An Age-Old Story

As everyone knows, or by now ought to know, the only possible explanation of differing outcomes between groups is prejudice, privilege, and oppression by those groups with more favorable outcomes. It follows that the only solution to the anomaly of differential outcomes, and the restoration of the primordial equality that is natural to mankind, is restitution, compensation, expropriation, positive discrimination, etc.

One of the most startling differentials, of course, is that between men and women. It is surely time for it to be redressed.

For example, I was reading in Le Figaro only yesterday that nearly 58 percent of deaths from Covid in France were of men, and only 42 percent of women. This only brings into sharp relief a fundamental injustice that has gone unaddressed for decades, indeed has been largely unnoticed, namely the fact that women live, on average, several years longer than men. For example, women live just over three and a half years longer in Britain than men; in the U.S., the difference is five years; in France, six; in Russia, ten. Overall in the world, men were the victims of 73 percent of fatal road accidents and 78 percent of homicides.

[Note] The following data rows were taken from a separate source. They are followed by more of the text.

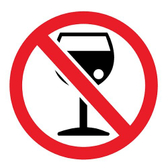 Наркологическая клиника «Панацея»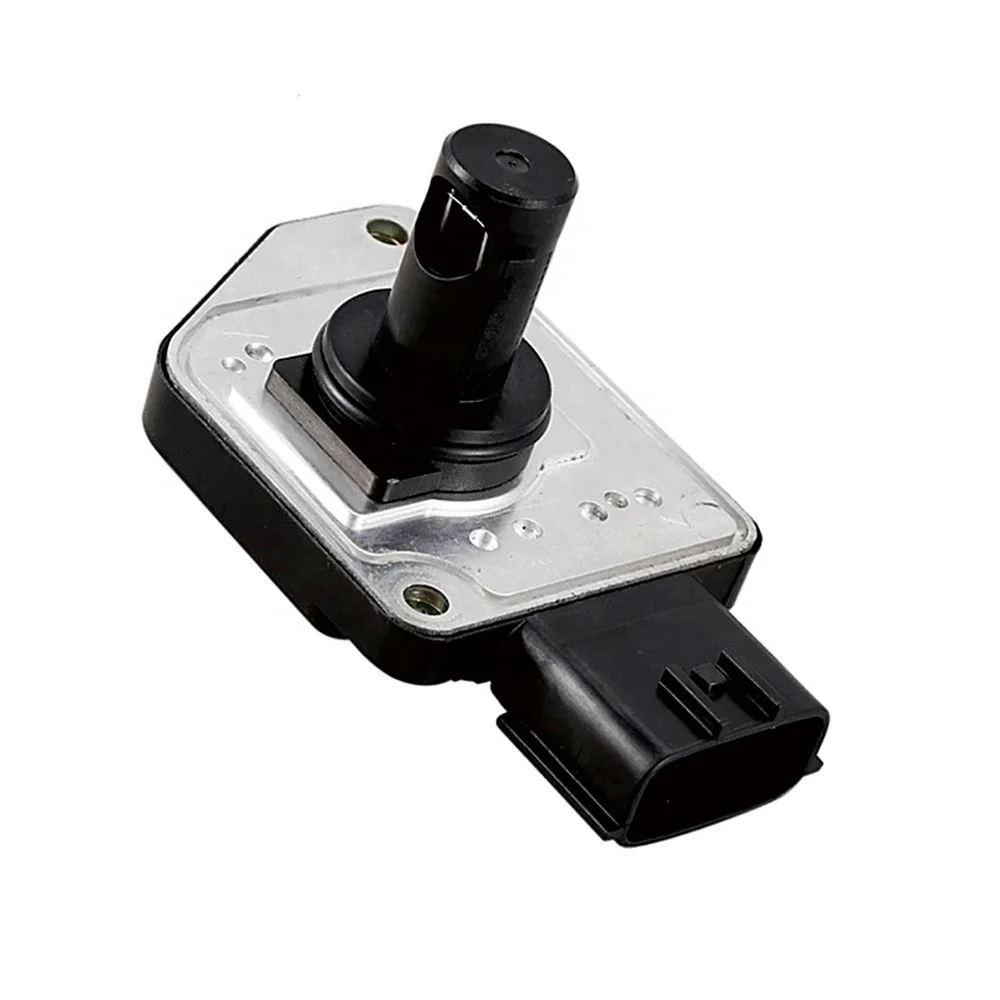 

Q Auto Parts Maf Mass Air Flow Sensor AFH7014 226802J200 22680-2J200 AFH70-14 For Nissan Pathfinder Infiniti QX4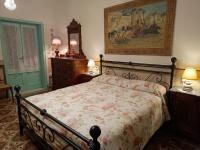Dreibettzimmer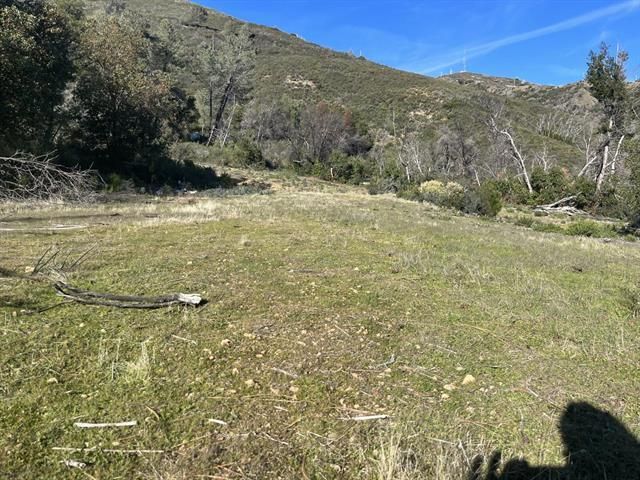 35500 Loma Chiquita Road, Los Gatos, CA 95033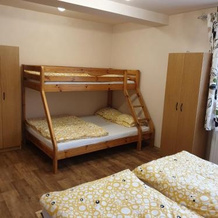 Privát u Jašice, 莫斯提乌亚布伦科瓦 — 照片 2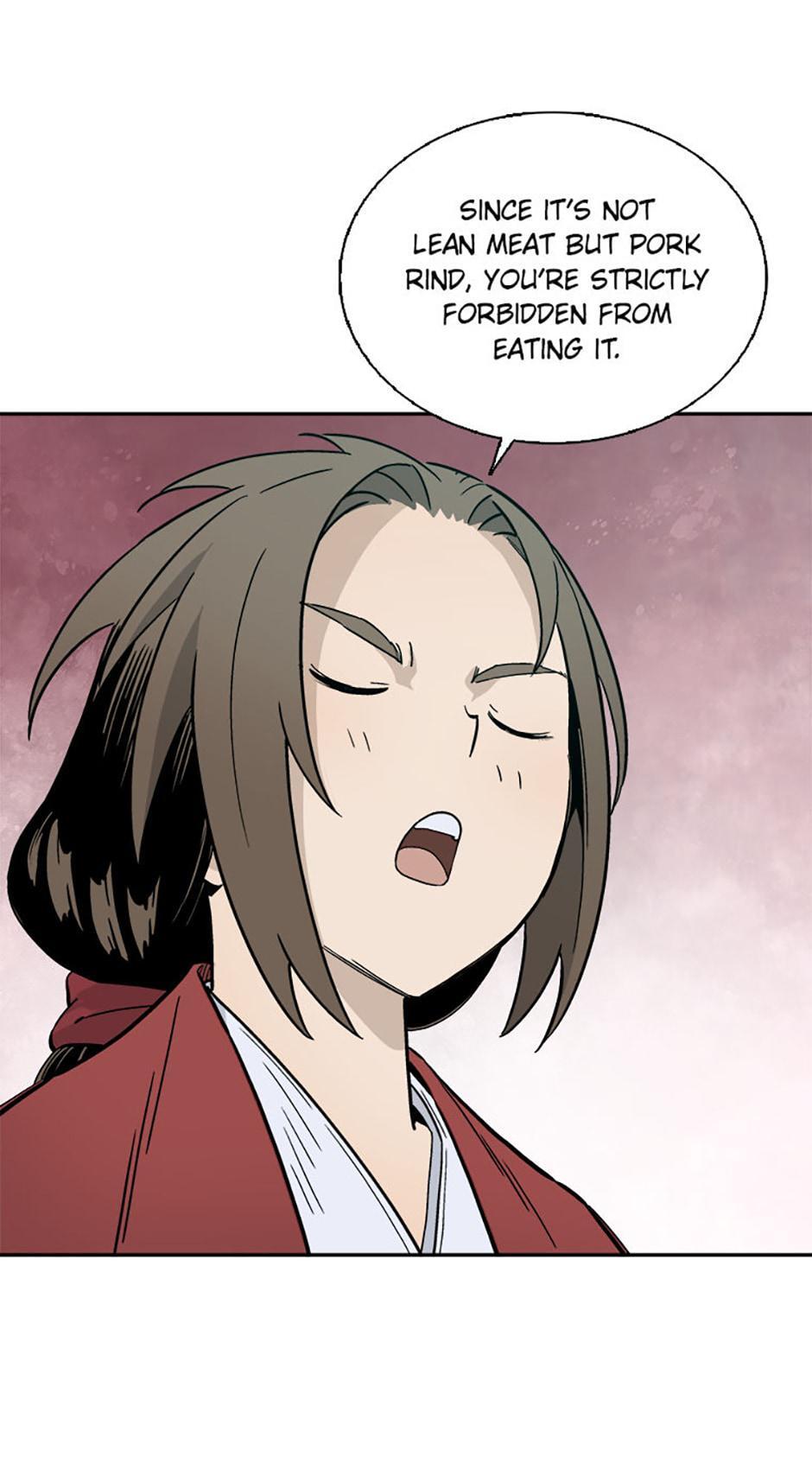 Read The Divine Surgeon Manga Online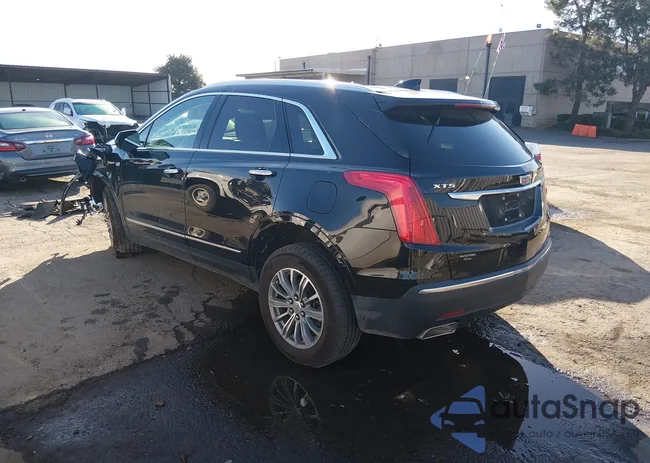 1GYKNBRSXHZ115247: 44384479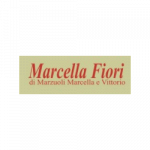 Marcella Fiori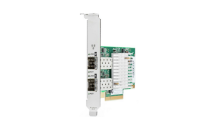 10GbE2pSFPX710Adptr727055-B21.png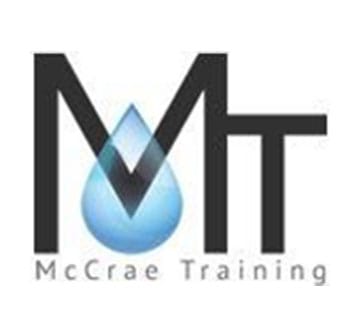 McCrae Training Ltd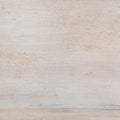 Arish Cabinet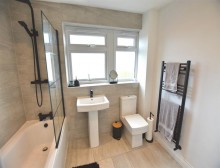 Images for Riverside Crescent, Holmes Chapel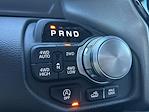 2025 Ram 1500 Crew Cab 4WD Pickup for sale #C260250A - photo 22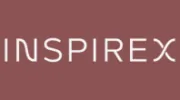 Inspirex
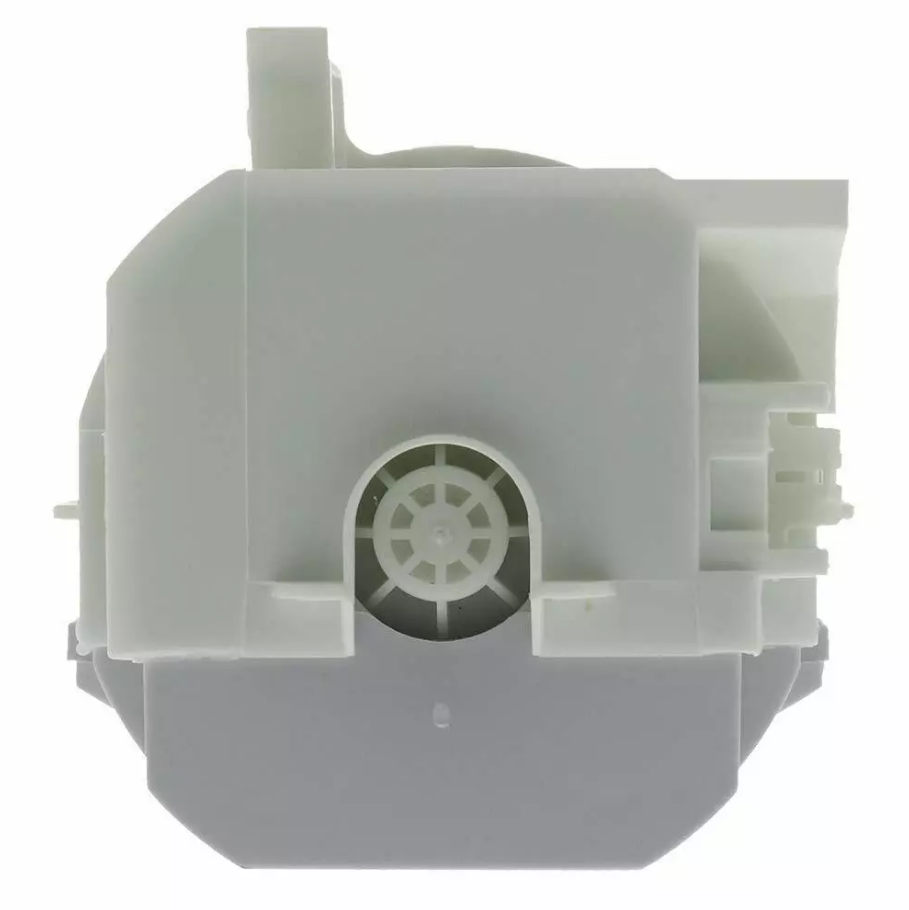 Dishwasher Drain Pump For Bosch SHS5AV56UC SHS5AVF2UC SHS5AVF5UC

What is to be done about these truly shocking statistics? As we all agree, equality is one of the most precious, if not the most precious, of all political values, for there can be no justice without it.

Let us take homicide as an example. In only two countries, Switzerland and Hong Kong, is the desirable goal of equality of victimhood reached. How have they reached this elevated level of civilization, that is to say a just, fair, and equal distribution of the murdered? I confess that I do not have the answer, and I doubt that anyone else has it either. Could there be a more appropriate subject for an international commission of inquiry? Once it had reached its conclusions, other countries could institute homicide awareness training, to ensure that murderers, or potential murderers, were aware of the social justice implications of their acts.

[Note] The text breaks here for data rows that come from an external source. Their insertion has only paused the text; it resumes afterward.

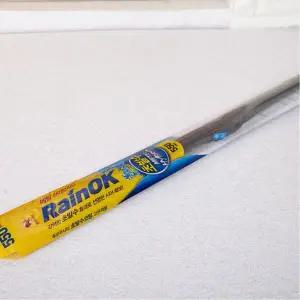 불스원 Y3E9C3S6 메탈 하이브리드 초발수 와이퍼 550ml 차량용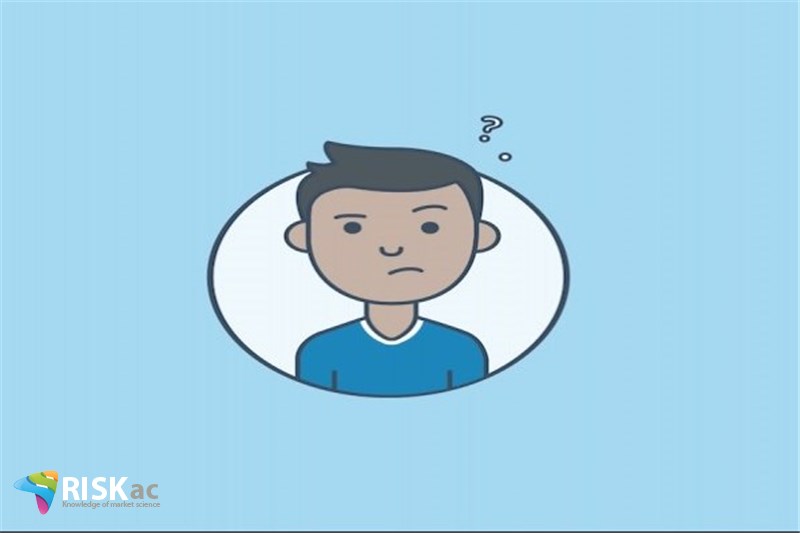 90 درصد مردم احساس بلاتکلیفی می کنند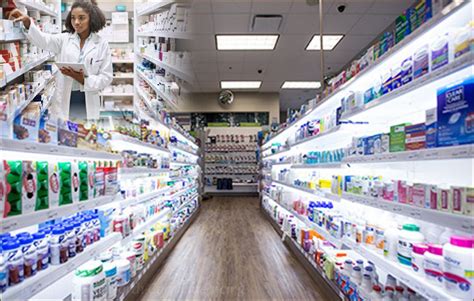 Marley Drugs North Carolina: Empowering Patient Care with Advanced Pharmacy Solutions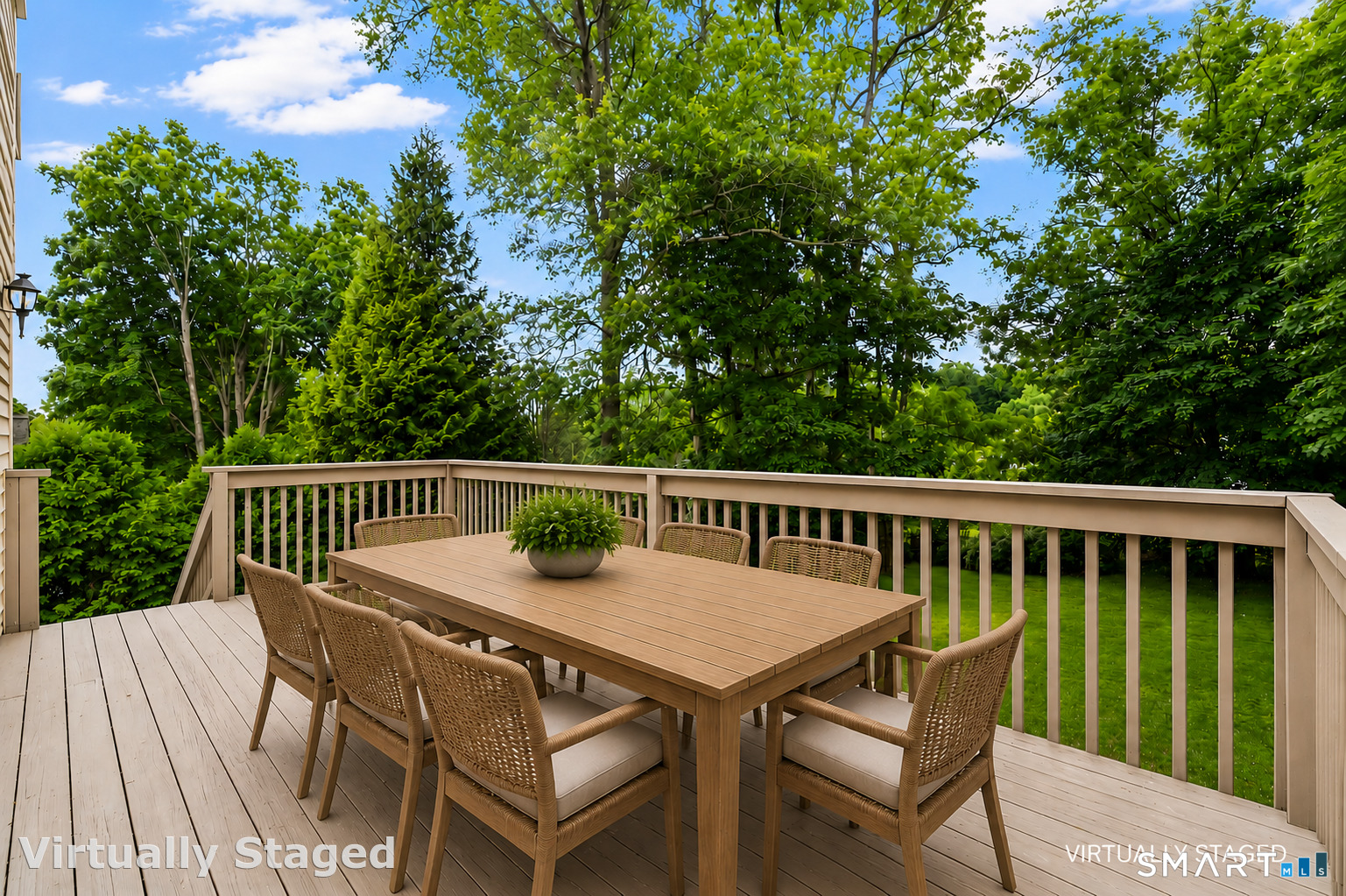 893 Church Hill Road Fairfield, CT 06825 - Photo 29 of 33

Of course, achieving equality will not be easy: We shall have to guard against overcorrection, which would be equally unjust. But it must be frankly admitted that it is easier to increase the numbers of homicides than to reduce them, so that, regrettably, if the ultimate goal of equality is to be reached, it may be necessary… Well, I leave it to the reader to draw the conclusion.

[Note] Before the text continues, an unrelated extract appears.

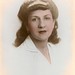 Mary Reis Photo 37
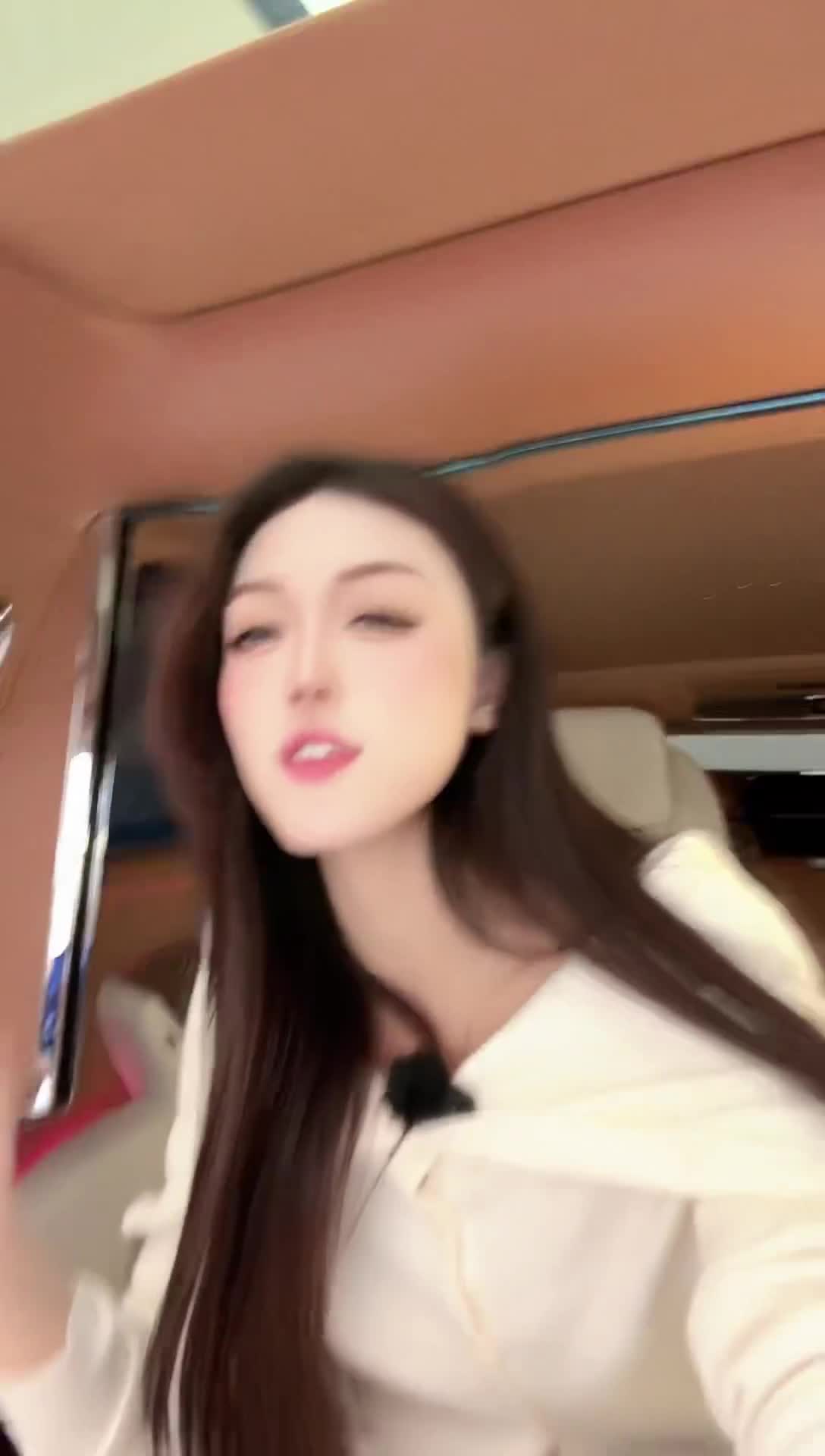 百事达重庆用户中心-尊选_2026-02-09_13-44-22_079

But even if the numbers of deaths by homicide and road accidents could be equalized, it would only go a very small way to equalizing the life expectancy of men and women. This is because, regrettable as every fatal road accident and homicide is, such deaths account for only a very small proportion of all deaths, for example in Britain about 2,400 a year in total, whereas the annual number of deaths from cardiovascular diseases is approximately 170,000. A drop, so to speak, in the kicking of the bucket.

Clearly something more drastic needs to be done. Again, it is easier, or would take less effort and expense, to reduce life expectancy than to increase it. The causes of death are cheap, the means to save life expensive, at least in these times when, notwithstanding the Covid epidemic, widespread infectious disease—the main killer of the past—has been largely overcome.